Return all the data verbatim but without images.

START GIVEN INFORMATION

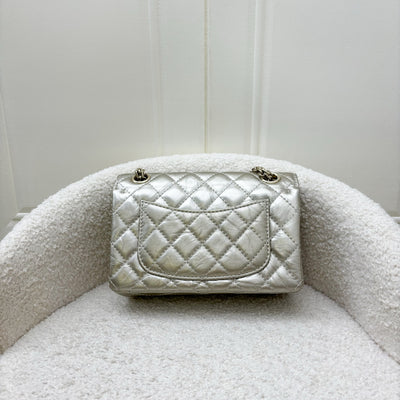 Chanel Classic 2.55 Reissue Mini Flap in 21S Gold Distressed Calfskin LGHW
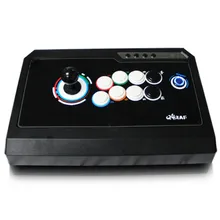 New Triple function game joystick arcade fighting without delay USB computer Fluorescence Arcade Wrestle rocker PC Games handle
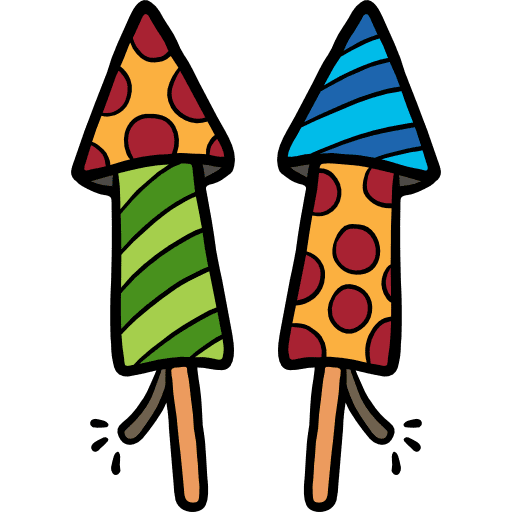 Fireworks rocket celebration fireworks icon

END GIVEN INFORMATION

§ RESULT BELOW
 Chanel Classic 2.55 Reissue Mini Flap in 21S Gold Distressed Calfskin LGHW
 New Triple function game joystick arcade fighting without delay USB computer Fluorescence Arcade Wrestle rocker PC Games handle
 Fireworks rocket celebration fireworks icon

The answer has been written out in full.